====== Recorded information ======

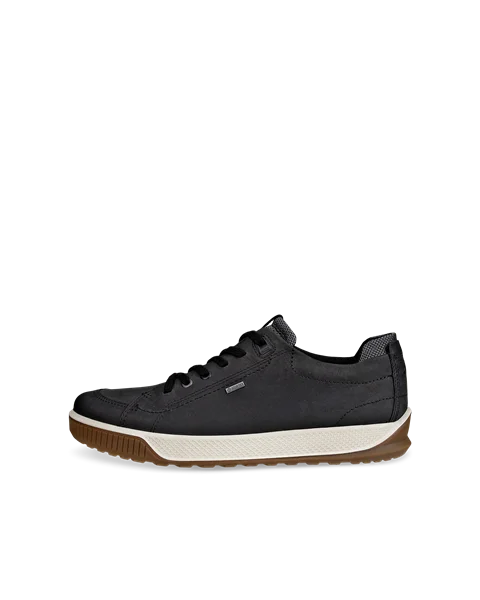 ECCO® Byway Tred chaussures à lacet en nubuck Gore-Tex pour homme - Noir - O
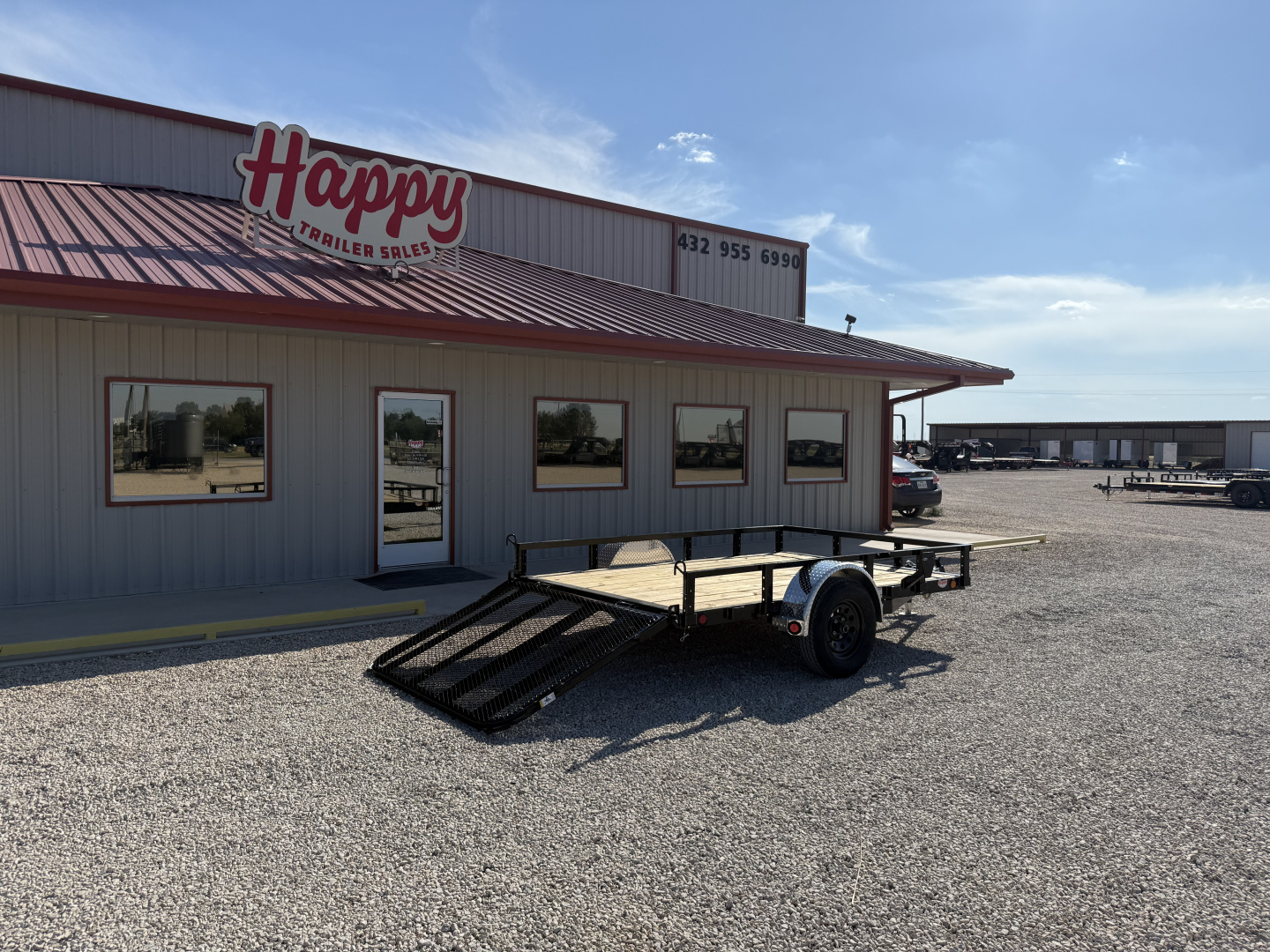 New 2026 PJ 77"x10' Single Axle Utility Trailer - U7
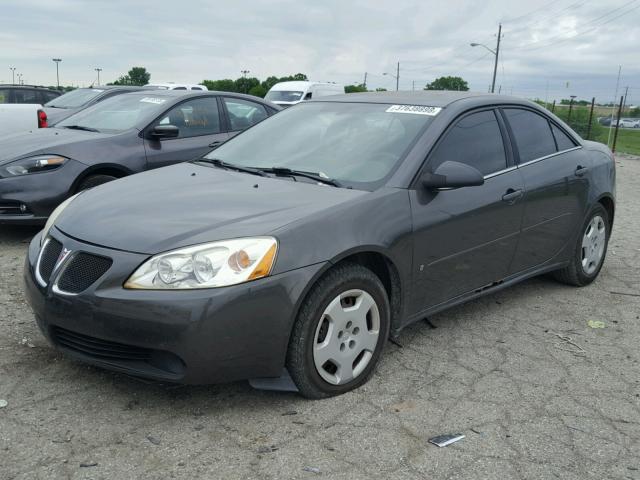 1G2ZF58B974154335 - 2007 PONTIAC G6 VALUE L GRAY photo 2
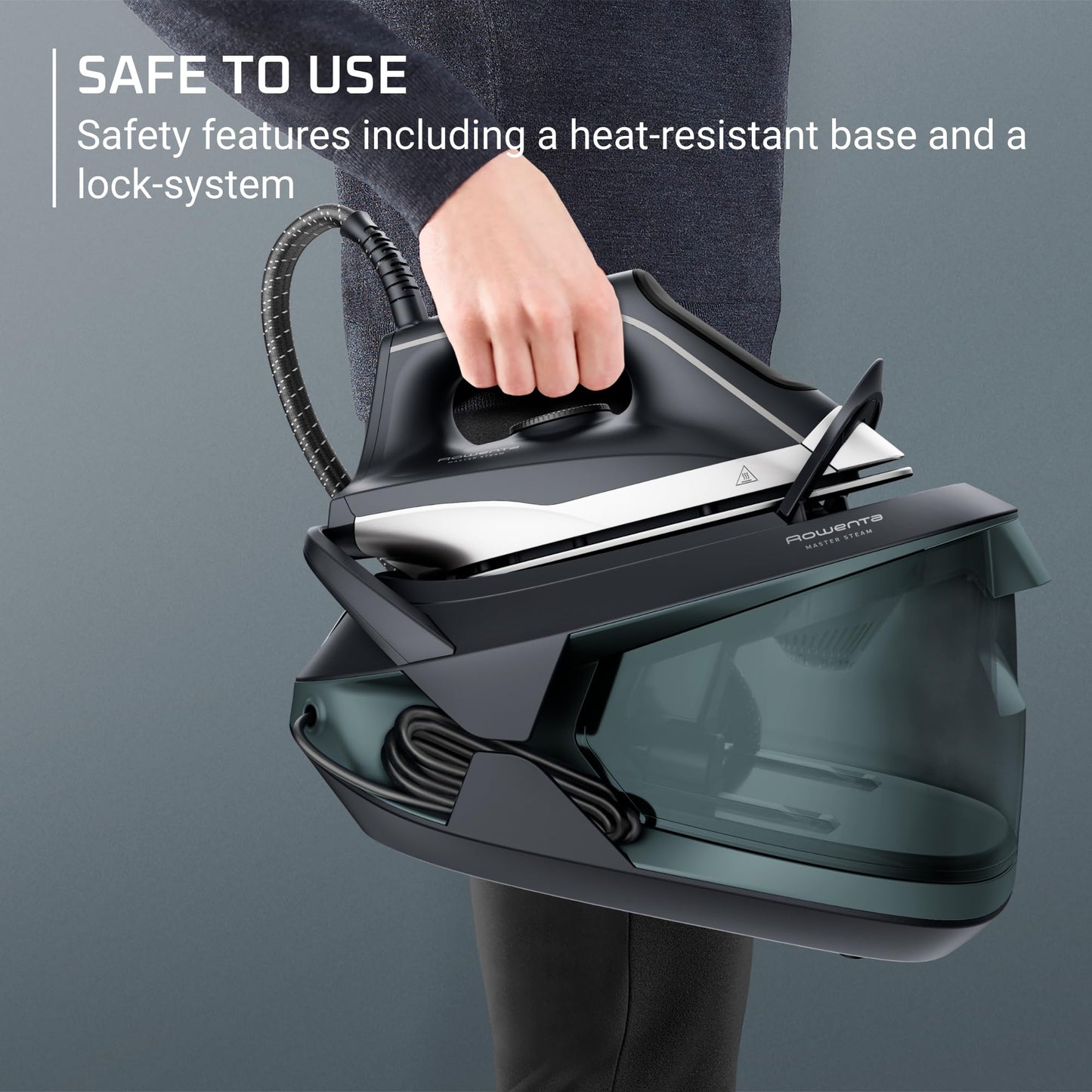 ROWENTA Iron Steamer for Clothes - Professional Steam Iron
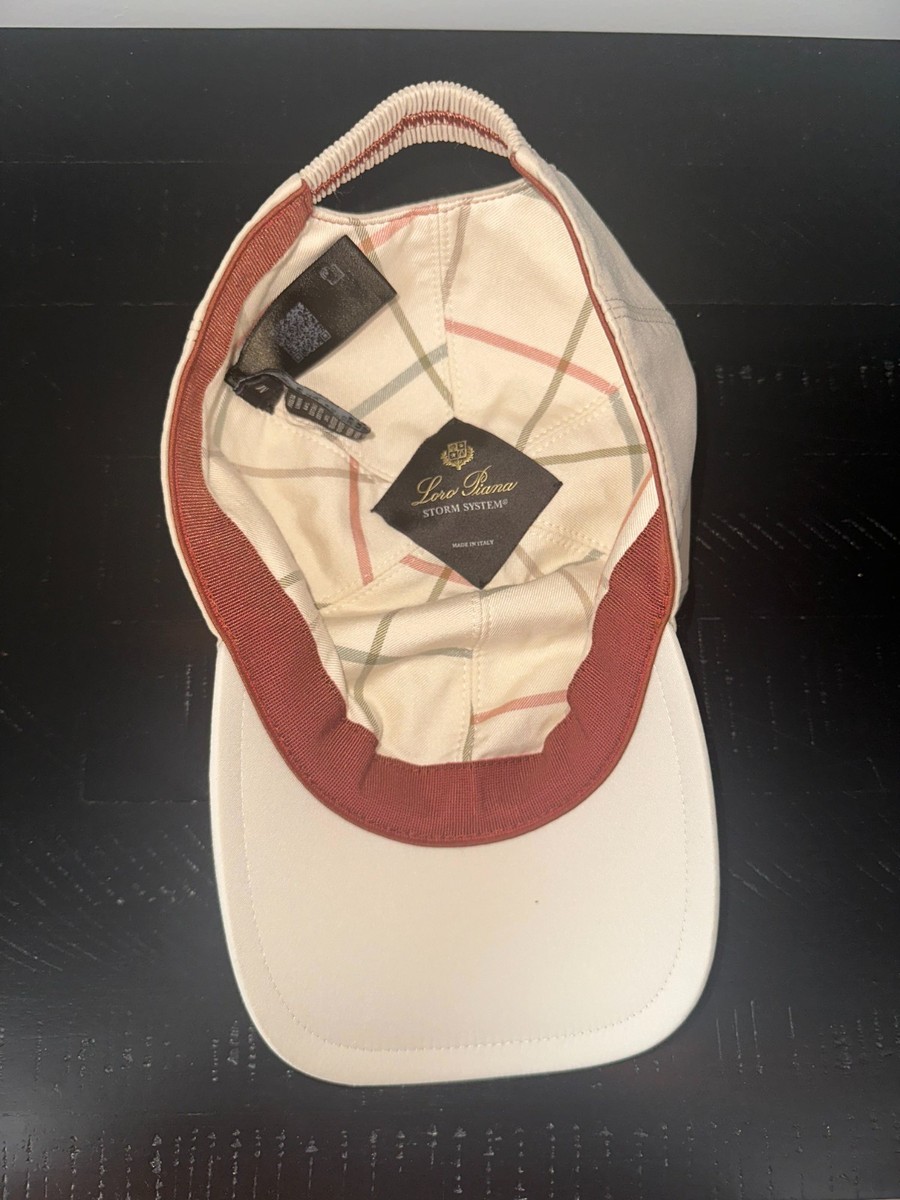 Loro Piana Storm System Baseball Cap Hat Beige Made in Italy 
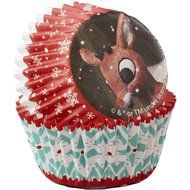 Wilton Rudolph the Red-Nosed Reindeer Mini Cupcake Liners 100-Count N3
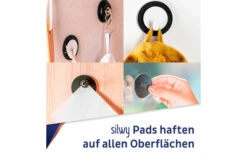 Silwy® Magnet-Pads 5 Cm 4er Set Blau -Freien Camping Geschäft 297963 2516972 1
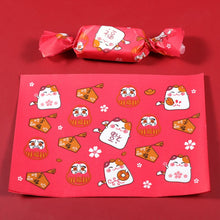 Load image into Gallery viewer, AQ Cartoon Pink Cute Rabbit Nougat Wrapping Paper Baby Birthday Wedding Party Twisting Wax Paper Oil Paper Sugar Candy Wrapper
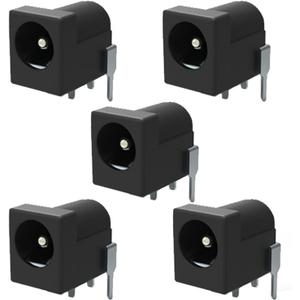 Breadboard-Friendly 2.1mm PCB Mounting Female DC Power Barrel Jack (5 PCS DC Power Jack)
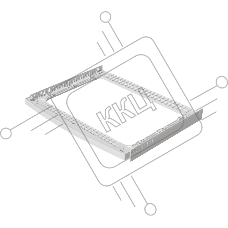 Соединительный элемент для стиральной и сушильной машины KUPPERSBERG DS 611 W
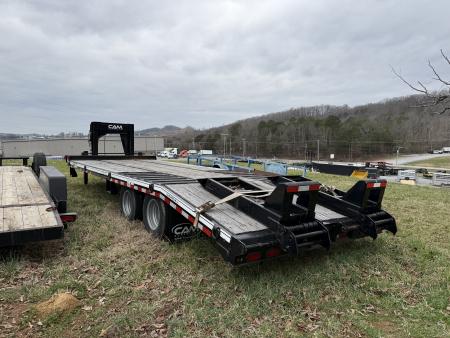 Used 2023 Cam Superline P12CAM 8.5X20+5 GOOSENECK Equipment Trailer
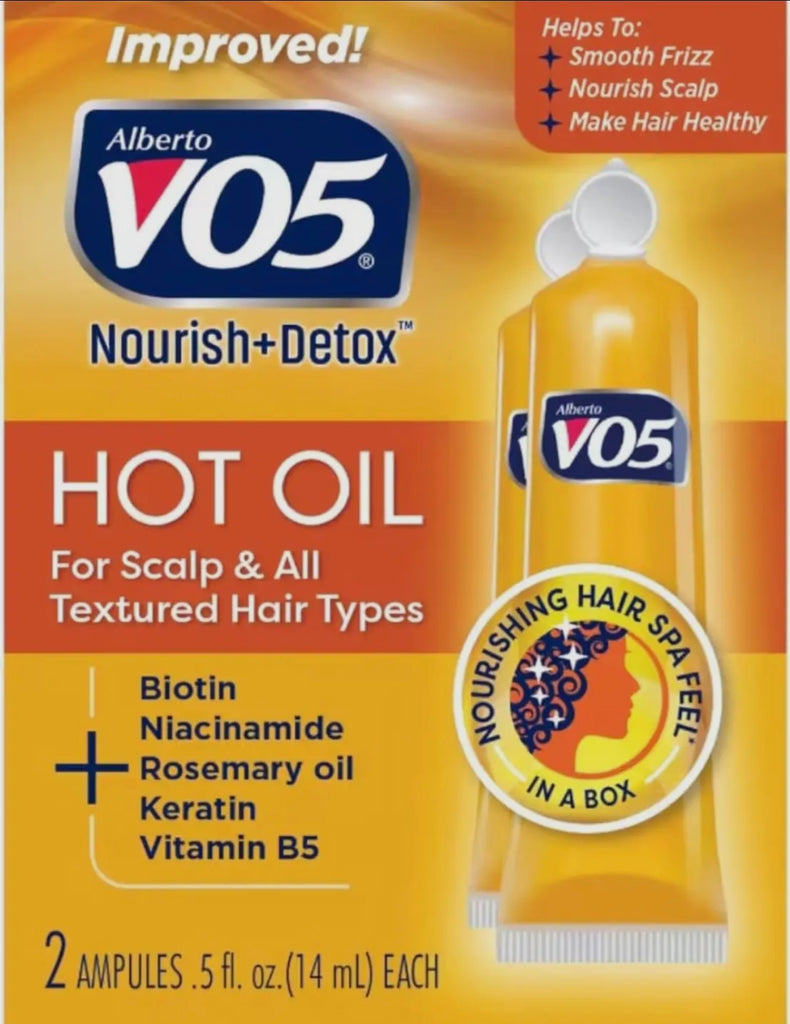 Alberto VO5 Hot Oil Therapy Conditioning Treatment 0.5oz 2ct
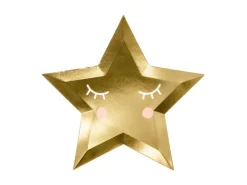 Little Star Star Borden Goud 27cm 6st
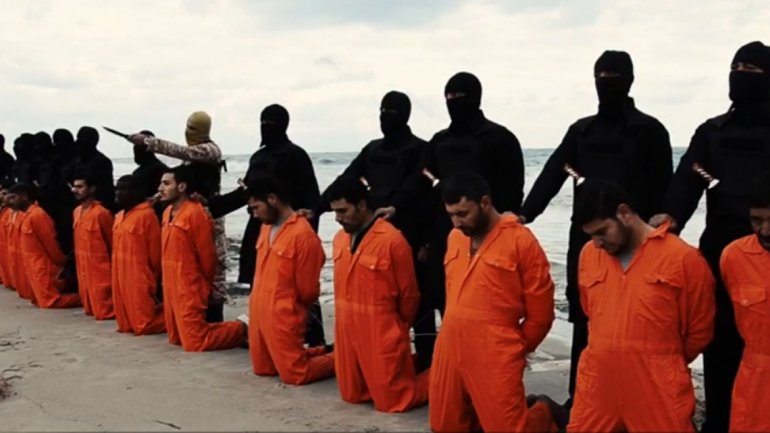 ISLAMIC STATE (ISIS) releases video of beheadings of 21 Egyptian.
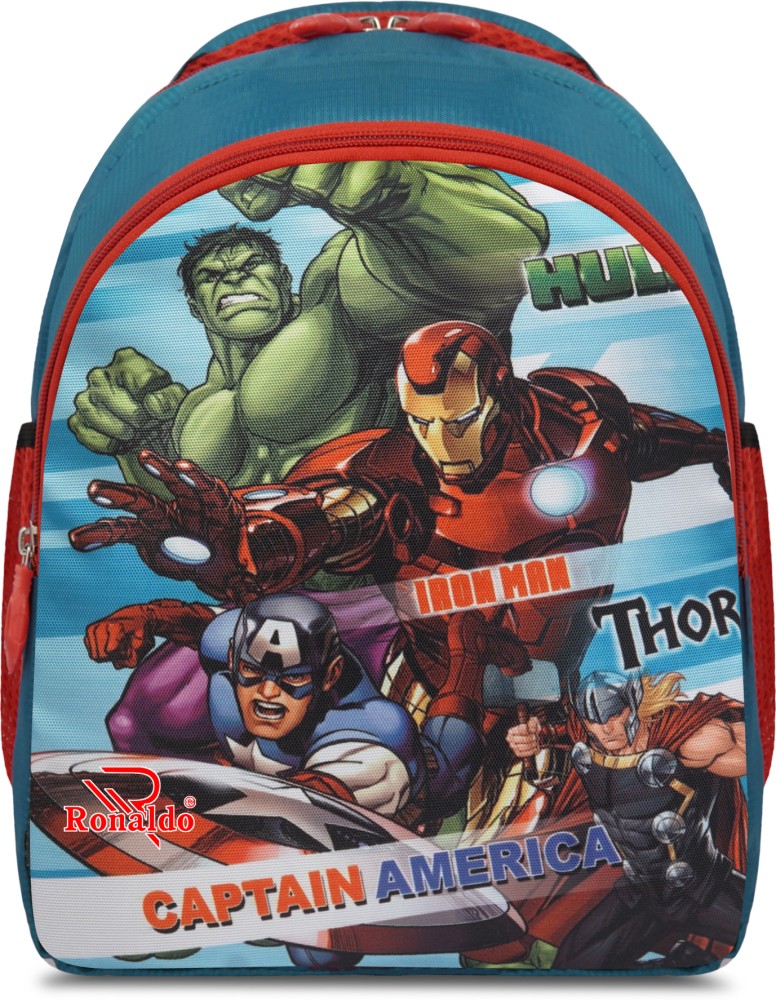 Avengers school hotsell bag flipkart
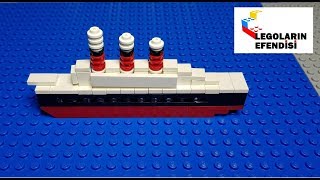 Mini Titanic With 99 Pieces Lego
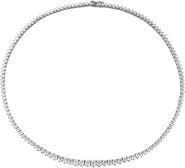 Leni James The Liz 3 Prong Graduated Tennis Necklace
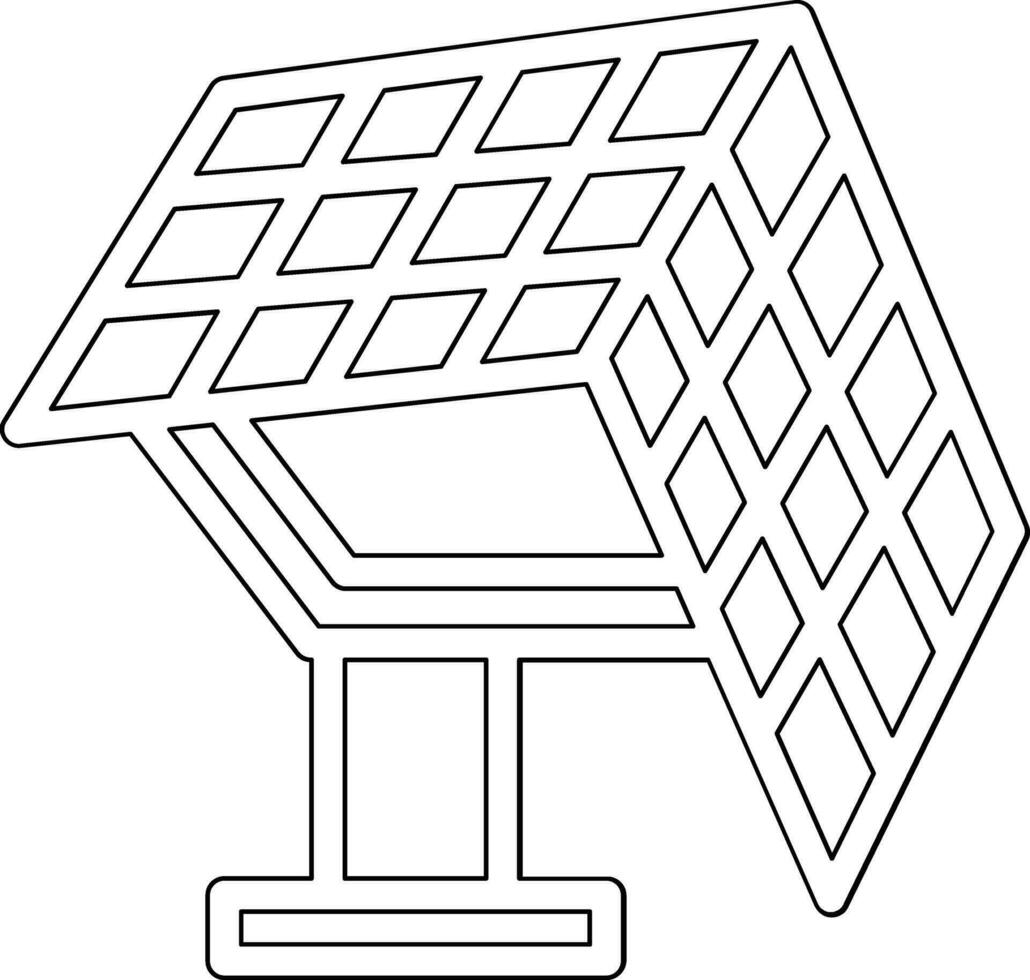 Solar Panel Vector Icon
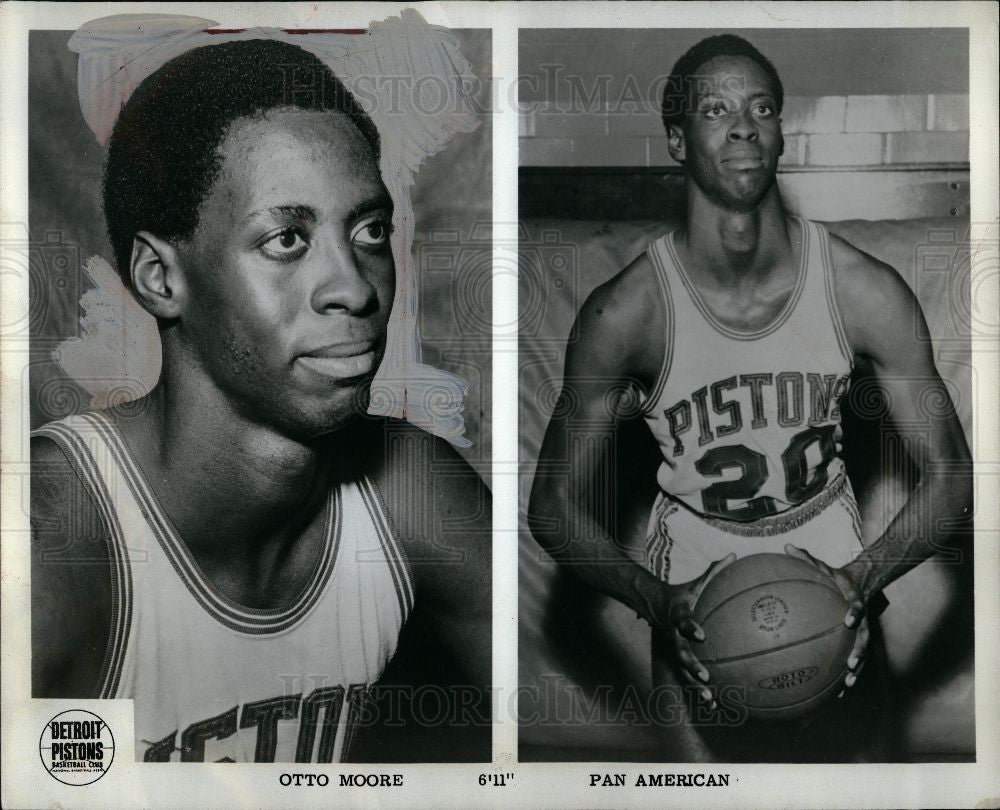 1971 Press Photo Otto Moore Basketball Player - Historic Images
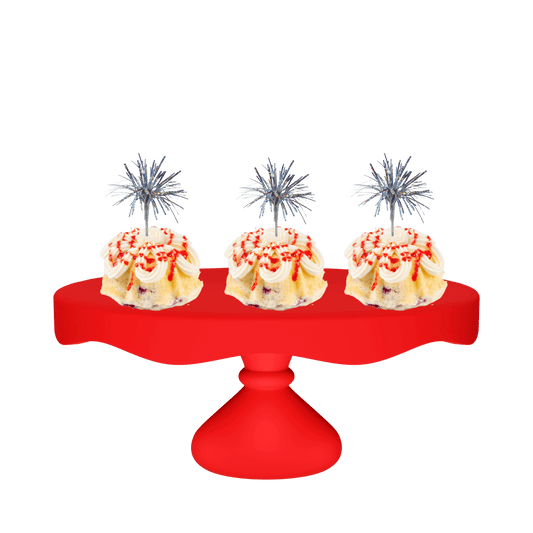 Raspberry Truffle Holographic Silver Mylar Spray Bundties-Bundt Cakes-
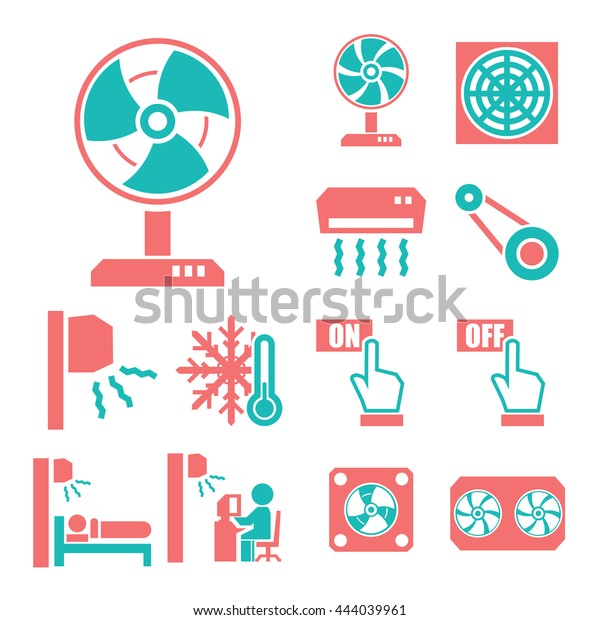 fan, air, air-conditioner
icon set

======

Directions for this task –
Please leave out the pictures as you reproduce the lines exactly, from the first line of the entries through the line containing "Silwy® Magnet-Pads 5".

Output of the exercise –
 ECCO® Byway Tred chaussures à lacet en nubuck Gore-Tex pour homme - Noir - O
 New 2026 PJ 77"x10' Single Axle Utility Trailer - U7
 1G2ZF58B974154335 - 2007 PONTIAC G6 VALUE L GRAY photo 2
 ROWENTA Iron Steamer for Clothes - Professional Steam Iron
 Loro Piana Storm System Baseball Cap Hat Beige Made in Italy 
 Wilton Rudolph the Red-Nosed Reindeer Mini Cupcake Liners 100-Count N3
 Silwy® Magnet-Pads 5 Cm 4er Set Blau -Freien Camping Geschäft 297963 2516972 1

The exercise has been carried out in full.